A major corollary from our phylogenomic studies is that the process of accretion of domains in proteomes occurs pervasively in nature and is a driving force for the evolution of macromolecules and life. Accretion is gradual, follows a molecular clock, and reconciles biology and planetary history. This finding crucially supports the principle of spatiotemporal continuity, the fundamental axiomatic necessity of evolution. We note that one could argue that the mere reconstruction of phylogenetic trees implies per se the gradual appearance of biological entities in evolution, i.e., that well-resolved tree topology cannot test spatiotemporal continuity. This is not so. The existence of a comb-like tree is an outcome of the existence of phylogenetic signal in the data and the existence of a timeline of natural structural discovery. Absence of such historical information would collapse branches into ‘hard’ polytomies, i.e., nodes supporting more than three branches with splits that arise from natural phenomena.
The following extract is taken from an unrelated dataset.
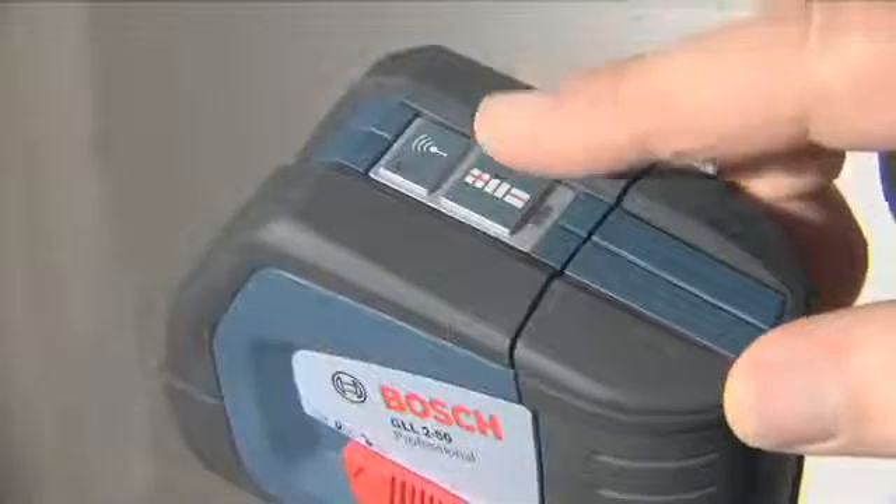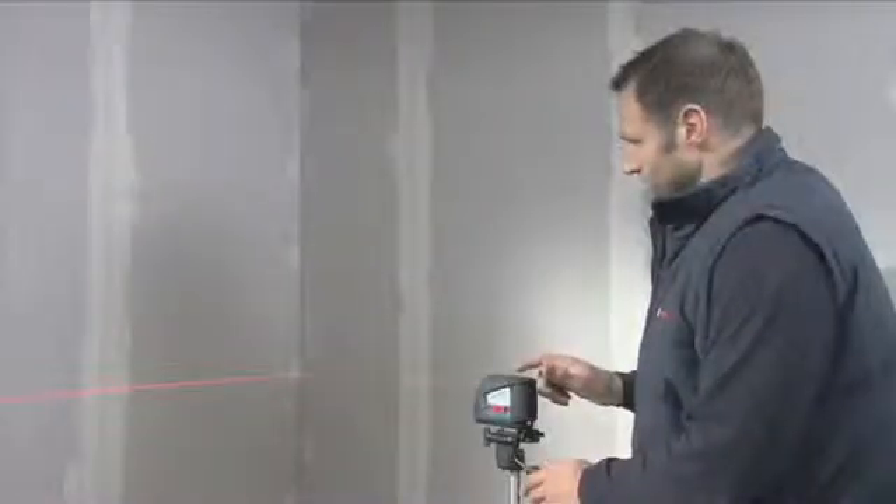The laser lines can also be switched on and off individually, therefore offering a wide range of indoor applications. Simply activate the pendulum lock and you can also project inclined lines.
These polytomies would distort the unbalanced tree structures toward a ‘star’ tree topology, making the construction of timelines impossible. The fact that we detect strong phylogenetic signal in the data diffuses such concerns. Furthermore, the molecular clock of folds extends the timeframe of domain diversification to the vast majority of the geological record. This supports the gradual spread of domain innovation in evolution. The recent mathematical modeling of the accretion process now makes the entire evolutionary process of protein domain accumulation explicit and prompts an exploration of how protein diversity extends through sequence space [57].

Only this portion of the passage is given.